I will share a post periodically with a recipes I am using and the method I use to prepare it ahead of time. For the time being, here is a recipe that I have tried and we really like it:
Kale, Sausage and Potato Soup
12 oz. smoked sausage, cut into bite sized pieces and cooked, then cooled.
1 onion, diced
4 carrots, chopped into uniform pieces
3 potatoes, peeled and chopped into bite sized pieces
5 cups chicken broth
1 large bay leaves
1/2 tsp black pepper
About 6 oz kale, washed and torn into small pieces, tough stem cut away.
Cook the meat, cool.
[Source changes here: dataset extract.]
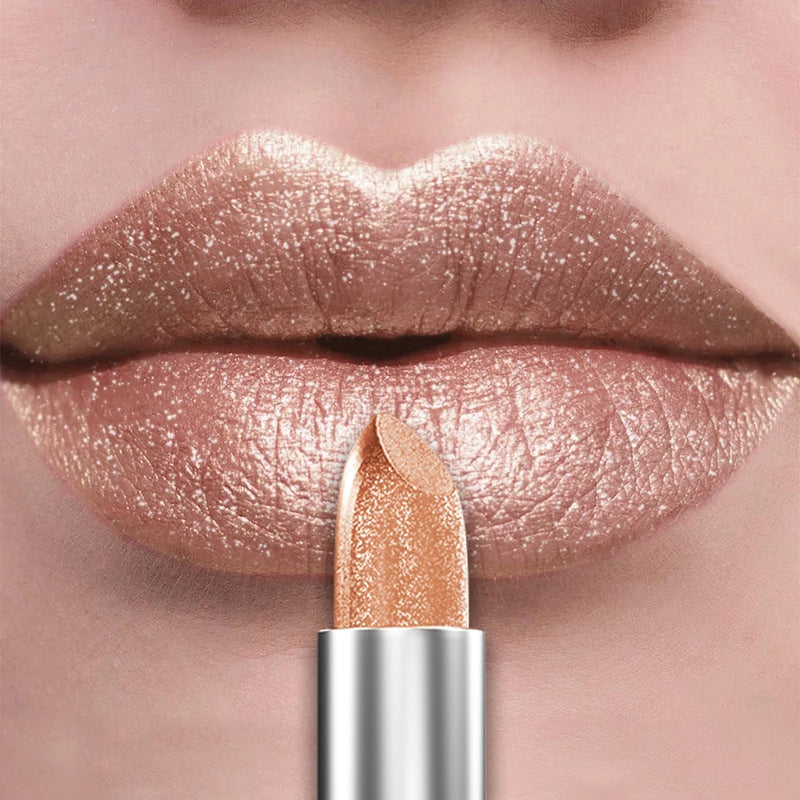 Lip Sticks Cintilantes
Add all ingredients except the broth to a zip top bag. Label then refrigerate.
On the morning you want to have the soup for supper, open the bag, pour all the ingredients into a 5 or 6 qt. SC. Add the chicken broth.
Turn the SC on LOW. Plug the SC into the lamp timer and set the lamp timer to come on 6 hours before supper time.
I will be leaving the house at about 6:30 a.m. so I will set the lamp timer to come on at noon. That way, the soup will cook for 6 hours on LOW.
Once we get home, the soup should be ready. For this particular recipe you can make it creamy by adding a cup of full fat milk. I’ll either make some cornbread to go with it or we’ll have crackers and a small salad.